■ **About this exercise**
Using the listing below, output only the lines from the one that contains "Arbeitstisch Ergo, Elektro-Hydraulik, Platte" through the one that contains "41-inch Beginner Cutaway", inclusive, exactly as given and without images.

■ **Listed records**
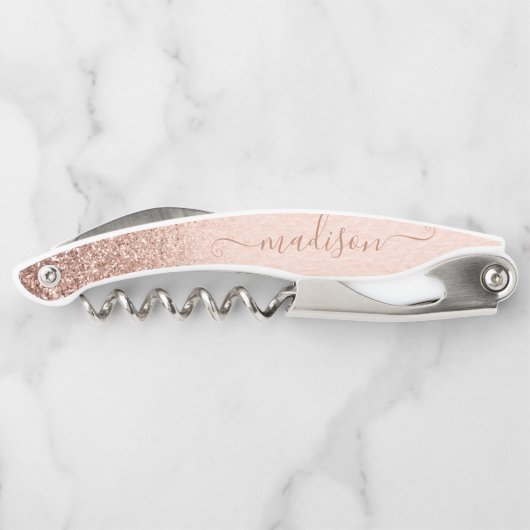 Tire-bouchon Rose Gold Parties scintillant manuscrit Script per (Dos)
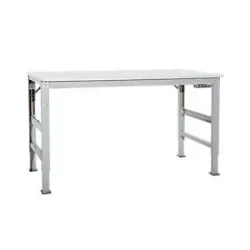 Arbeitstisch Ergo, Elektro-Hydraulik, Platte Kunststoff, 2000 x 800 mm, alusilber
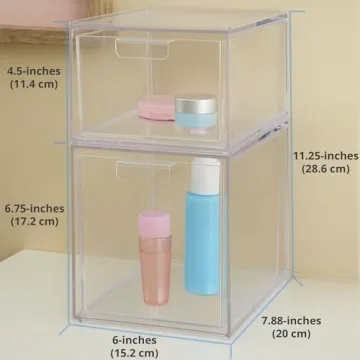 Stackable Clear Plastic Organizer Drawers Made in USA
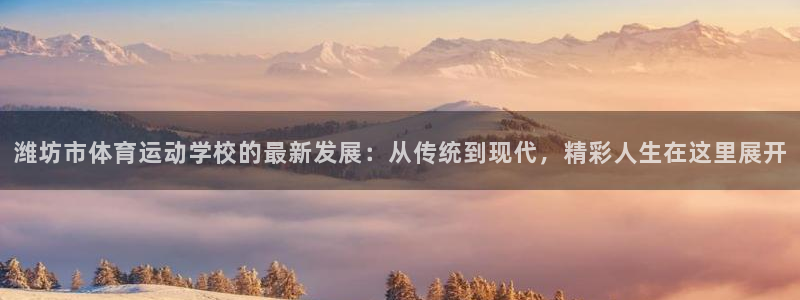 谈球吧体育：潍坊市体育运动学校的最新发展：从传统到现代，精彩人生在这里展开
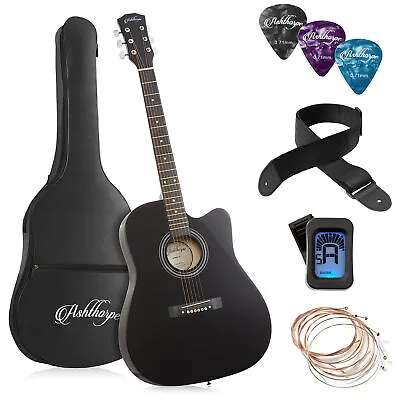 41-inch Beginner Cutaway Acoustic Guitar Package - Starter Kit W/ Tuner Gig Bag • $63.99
==
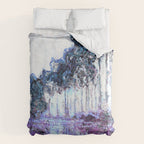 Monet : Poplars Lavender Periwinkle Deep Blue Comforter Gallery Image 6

■ **Result below**
 Arbeitstisch Ergo, Elektro-Hydraulik, Platte Kunststoff, 2000 x 800 mm, alusilber
 Stackable Clear Plastic Organizer Drawers Made in USA
 谈球吧体育：潍坊市体育运动学校的最新发展：从传统到现代，精彩人生在这里展开
 41-inch Beginner Cutaway Acoustic Guitar Package - Starter Kit W/ Tuner Gig Bag • $63.99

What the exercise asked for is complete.